Они аккуратно, без шлепка, опустили на тележку гигантскую стопу газет и пошли за новой кипой.
– Нет чтобы сперва хлам вывезти, потом травить. Или хотя бы на дам тяжесть не сваливать. Сильный пол, блин. Раз-два.
– Можно было Павла подтянуть, – предложила Аня. – Крепкий такой вроде.
– Так нет его. Все крепкие задним числом, а как переднее понадобится – оюшки, никого. Так и не послала его вчера?
– А надо было?
– Предполагалось, честно говоря, такое развитие событий, – сказала Наташа напористо. – Так, берись здесь, вместе. Раз-два-три.
– Он интересное… предложил… Ретро-криминал такой, детектив… или, как это… Процедурал.
– Ох. Пышный про-це-дурак. Кладем. Ань, ну ты же видела, как он пишет.
Аня сдаваться не собиралась.
– Видела. Скучновато, но мысли есть, это главное.
– Шпаргалка моя была, поэтому мысли, – объяснила Наташа. – А от души он, как любой криминальный репортер, приучен излагать шершавым языком релиза, «нигде не работающий ранее судимый», да еще с юморком мусорским. «Удалая парочка охотников за чужими кошельками, выходя в изрядном подпитии на большую дорогу, еще не подозревала, что не одобренные законом приключения обернутся» – ну и так далее.
– Я послежу, чтобы так не было, – сказала Аня. – И предупрежу.
Наташа вздохнула.
– Ну, сама смотри.
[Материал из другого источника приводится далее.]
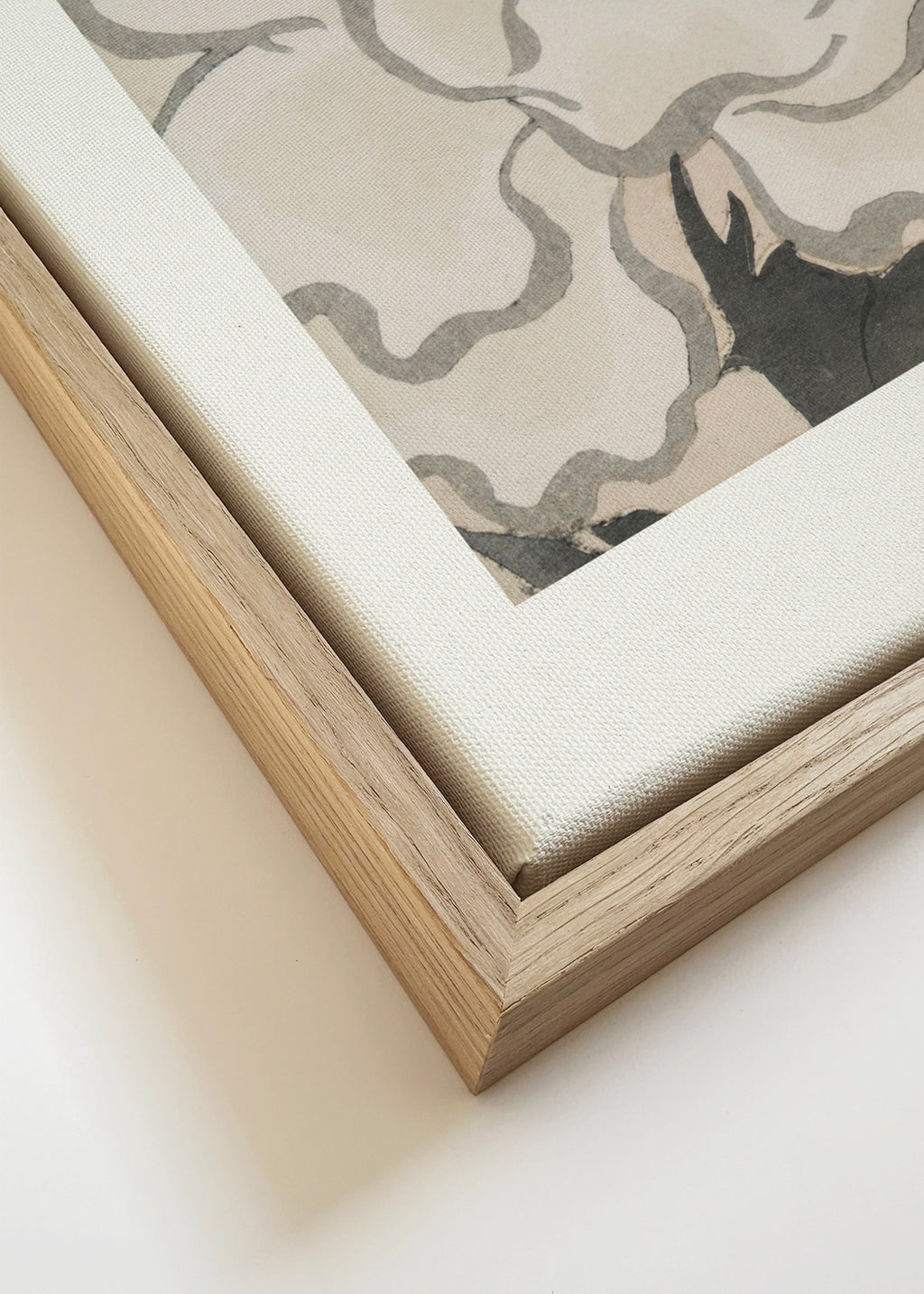 Flowers From Momoyogusa - Framed canvas detail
Проще-то послать, я его с этим намерением к тебе и отправила. А ты добрая, оказывается. Вот беда-то. Но еще не поздно.
Аня, мотнув головой, упрямо добавила:
– Там же еще интересно можно отыграть: текст Павла рядом с романом из архива, там как раз криминал.
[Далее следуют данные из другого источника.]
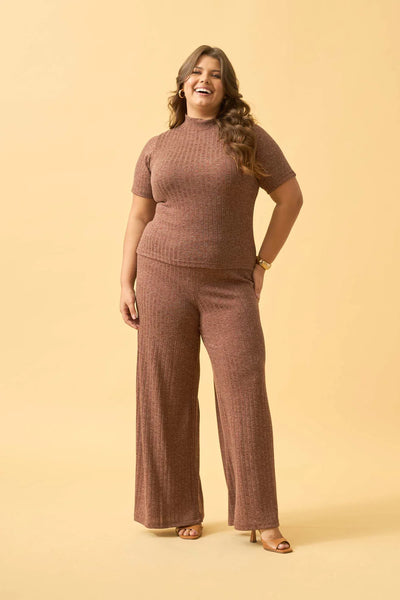 CALCA PANTALONA CANELADA FLANEL CAPPUCCINO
– Ух ты, – оживилась Наташа. – Не зря я в тебя сразу поверила. Нашла все-таки жемчужину.
Они плюхнули на тележку очередную кипу газет и отдышались, незаметно разминая плечи. Обе выглядели усталыми, но бодрились.
– Ну, как – жемчужину. Начало – огонь, скандинавский нуар, но как бы у нас здесь. А потом автор включает Достоевского и немножко Крестовского. Стыд и ошибок куча.
– Эх, – сказала Наташа искренне. – Автор известный вообще?
– Вряд ли. Там псевдоним, тупой. И название фейс-палм.
– Эх-эх. А «у нас здесь» – это где, в Сарасовске, в области, в России?
Аня, подумав, с сожалением сказала:
– Не уточняется. Город наш, но не наш.